The fact is, Brennan’s personal views are as opaque as the drone campaign itself. He may assume leadership of the CIA and decide a clandestine agency should not conduct what is an obvious military operation (a stance I and many others would fully support); after all, a veteran of the CIA may believe the agency should get back to gritty intelligence gathering.
Or, maybe Brennan believes that when it comes to the fight against al Qaeda, the public and its Congress should trust the executive office to protect the American people by whatever means it sees fit.
One way or the other, this week’s Senate confirmation hearings should be an opportunity to bring Brennan’s views out of the shadows, along with the basic attributes and justifications of the covert drone campaign. The man, the machine and the policy are inextricably linked.
U.S. officials have consistently claimed that offering too many details about the covert drone program could threaten national security. Fair enough; some classification for national security is understandable. But the secrecy surrounding covert drone use is unduly excessive and not in keeping with the transparent government President Barack Obama promised.

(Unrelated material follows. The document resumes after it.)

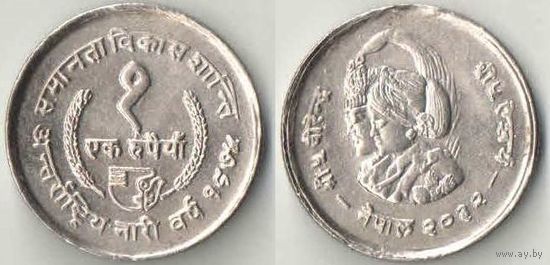 Непал 1 рупия, 2032 (1975) FAO международный год женщин UNC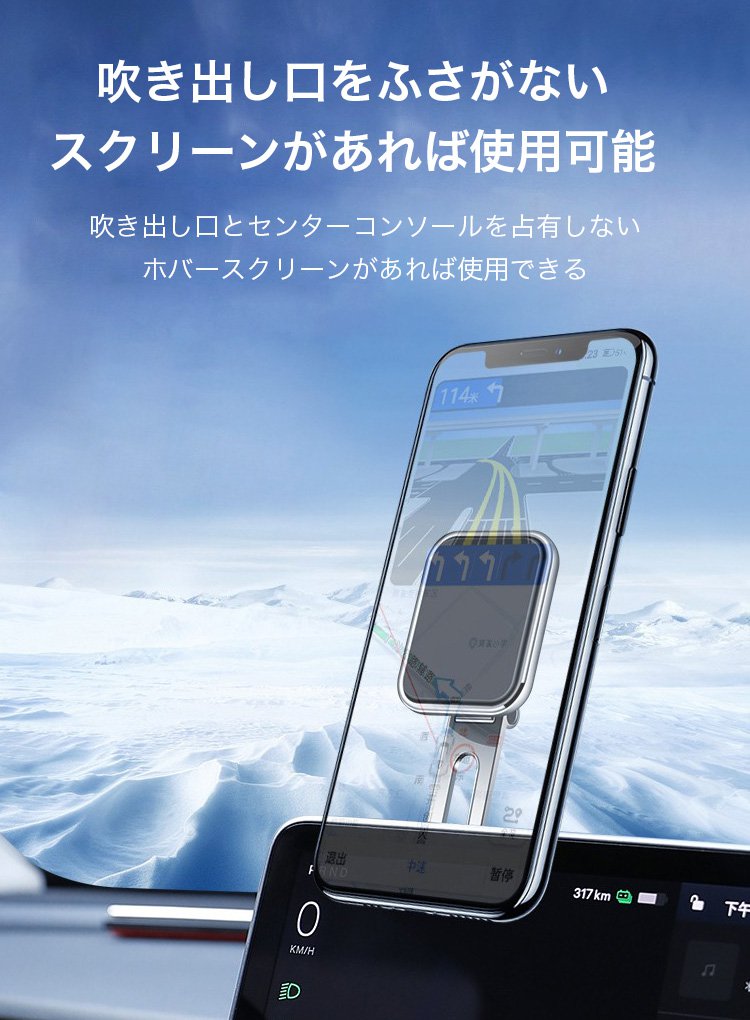 360度回転可能な車載スマホホルダー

Since the bulk of Brennan’s hearing will be behind closed doors, the Senate Select Committee on Intelligence has no reason to shy away from asking tough questions about the drone program. It matters that Congress is there to represent the American people. On their behalf, Congress has a duty to ensure the use of lethal force beyond our borders is being considered and carried out responsibly, with due consideration for the harm it may inflict on civilian populations.
Senators might ask a very basic question to Brennan, one that is seldom clearly answered by the administration: “What impact is the drone campaign against al Qaeda and its associates having?”
This is a fundamental question of accountability any U.S. official involved in setting or carrying out counterterrorism policy should be able to answer. That answer may describe a dwindling kill list, but it must also put forward facts about what impact drones are having on civilians living under them.
U.S. armed forces in Afghanistan and Iraq learned that the positive or negative impacts of an operation on the local population are an important metric of mission effectiveness. Commanders worked hard to reverse anti-American sentiment caused by a seemingly callous U.S. attitude toward civilian deaths and injuries. In the case of counterterrorism operations, palpable anger toward America would be antithetical to the goal of decreasing the number of terrorists and those who support their cause.
As it stands, it’s unclear whether anyone, including Brennan, knows what negative consequences are emerging on the ground because of remote drones.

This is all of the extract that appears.